Harsh Parikh and Abhiraj Gandhi
The current flooding across various states of India, which has caused destruction to property, poses a question: Who is responsible for making good the damage so caused? Can flat purchasers sue the developer for the damage or will they be required to absorb the losses?
Floodplains are lands adjacent to rivers and streams that are subject to recurring flooding. Owing to their continually changing nature, floodplains and other flood-prone areas need to be examined in the light of how they might be affected by development. The problem of flooding generally arises due to reclamation of floodplains.
In order to ascertain whether a developer is responsible for any destruction of property due to floods, it is pertinent to examine various aspects, including the agreements executed by the developer with the flat purchasers.
It also needs to be examined whether permission has been accorded by the appropriate development authorities to the developer for developing such lands.
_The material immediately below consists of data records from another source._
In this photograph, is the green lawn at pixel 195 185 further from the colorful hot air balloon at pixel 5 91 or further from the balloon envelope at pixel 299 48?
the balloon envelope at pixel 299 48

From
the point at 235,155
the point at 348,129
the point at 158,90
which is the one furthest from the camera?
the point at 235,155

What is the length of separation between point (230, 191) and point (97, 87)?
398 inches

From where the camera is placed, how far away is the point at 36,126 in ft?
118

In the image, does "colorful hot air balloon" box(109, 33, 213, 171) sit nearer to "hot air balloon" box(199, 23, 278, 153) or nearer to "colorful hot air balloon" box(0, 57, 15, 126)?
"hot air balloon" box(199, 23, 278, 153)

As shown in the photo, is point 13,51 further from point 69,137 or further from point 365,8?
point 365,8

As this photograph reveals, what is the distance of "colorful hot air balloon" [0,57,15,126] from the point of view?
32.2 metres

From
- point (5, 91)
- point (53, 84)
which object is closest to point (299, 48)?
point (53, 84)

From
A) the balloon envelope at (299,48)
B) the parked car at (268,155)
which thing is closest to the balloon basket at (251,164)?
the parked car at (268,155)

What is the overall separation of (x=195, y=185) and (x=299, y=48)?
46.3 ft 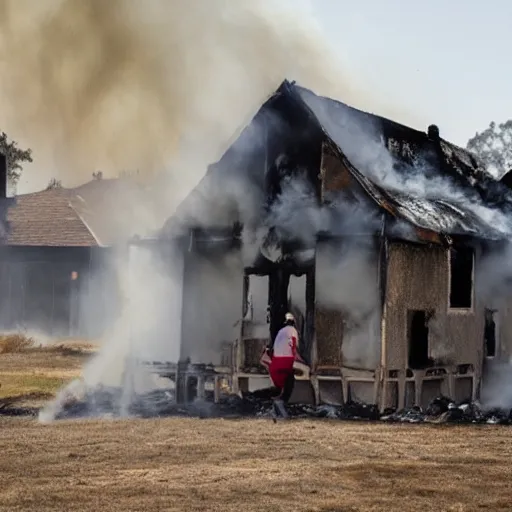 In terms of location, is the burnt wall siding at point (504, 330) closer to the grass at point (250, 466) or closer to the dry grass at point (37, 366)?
the grass at point (250, 466)

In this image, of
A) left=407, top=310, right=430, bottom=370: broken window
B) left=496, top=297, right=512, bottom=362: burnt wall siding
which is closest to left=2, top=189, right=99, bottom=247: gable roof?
left=496, top=297, right=512, bottom=362: burnt wall siding

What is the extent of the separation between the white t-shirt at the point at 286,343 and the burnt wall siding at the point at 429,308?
1.91 meters

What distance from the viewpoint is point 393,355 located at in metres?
17.4

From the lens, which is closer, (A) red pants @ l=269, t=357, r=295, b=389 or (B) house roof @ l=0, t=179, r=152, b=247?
(A) red pants @ l=269, t=357, r=295, b=389

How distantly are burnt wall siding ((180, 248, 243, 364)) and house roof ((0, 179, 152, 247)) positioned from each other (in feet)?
71.4

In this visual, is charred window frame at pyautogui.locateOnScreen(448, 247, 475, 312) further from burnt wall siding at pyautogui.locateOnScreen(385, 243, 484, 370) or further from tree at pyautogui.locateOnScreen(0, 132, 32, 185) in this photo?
tree at pyautogui.locateOnScreen(0, 132, 32, 185)

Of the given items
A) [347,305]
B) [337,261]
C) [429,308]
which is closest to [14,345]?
[337,261]

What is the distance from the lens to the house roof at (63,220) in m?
41.4

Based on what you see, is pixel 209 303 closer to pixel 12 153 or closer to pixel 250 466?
pixel 250 466

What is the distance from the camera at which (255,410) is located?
17.5m

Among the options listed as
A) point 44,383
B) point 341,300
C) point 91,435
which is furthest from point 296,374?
point 44,383

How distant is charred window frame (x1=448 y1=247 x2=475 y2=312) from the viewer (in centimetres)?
1917

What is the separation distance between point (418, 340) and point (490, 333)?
10.2 feet

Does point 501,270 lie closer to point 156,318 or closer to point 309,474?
point 156,318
The floodplain areas would generally fall under the Coastal Regulations Zone and hence, approval from the state authorities — for e.g. the Maharashtra Coastal Zone Management Authority — would also become necessary. Furthermore, permission is also required to be obtained from the irrigation department and the ministry of environment, forest and climate change, to ensure applicable environment norms are not violated by developing such lands.
In addition to the above, the developer is also required to obtain other development permissions from the local municipal corporation concerned. An authority issues development permissions considering the contours and the location of the land, based on which the developer develops the same.
The other aspect which needs to be considered is whether any disclosures have been made by the developer to flat purchasers in their agreements to sell the piece of land and its surrounding area in a flood-prone area.
If the developer has taken all requisite permissions and approvals from the authorities concerned and has also made adequate disclosures to flat purchasers, then the developer cannot be held responsible or liable for any loss or destruction to the property as the buyer has purchased the flat after being fully aware of the above facts and circumstances.
The Real Estate (Development and Regulation) Act, 2016 (RERA) provides an option to flat purchasers to cause the developer to rectify structural defects in a building if such defects are identified within a period of five years from the developer handing over possession of the flat. However, destruction of property due to floods would not fall within the strict interpretation of structural defects contemplated under RERA and hence, the flat purchaser would not be able to take recourse to the provisions of RERA.
Generally, once the real estate project is completed and handed over to buyers, the organisation formed would obtain general insurance which would cover the property from the damage stemming from natural calamities, including floods. Hence, the flat buyer may not be out of pocket or left remediless if adequate insurance is secured with respect to the property.
In the case of under-construction properties, the developer itself would have to suffer any loss or damage, which may be caused to the property due to flooding, unless any specific right is reserved by the developer in the agreement which passes on such burden to the buyer(s).
However, if a developer has misrepresented to the buyer or does not disclose the fact that the land falls in a flood-prone area or is a reclaimed floodplain and the flat purchaser could not by ordinary prudence find out the above, then she can sue the developer for damage.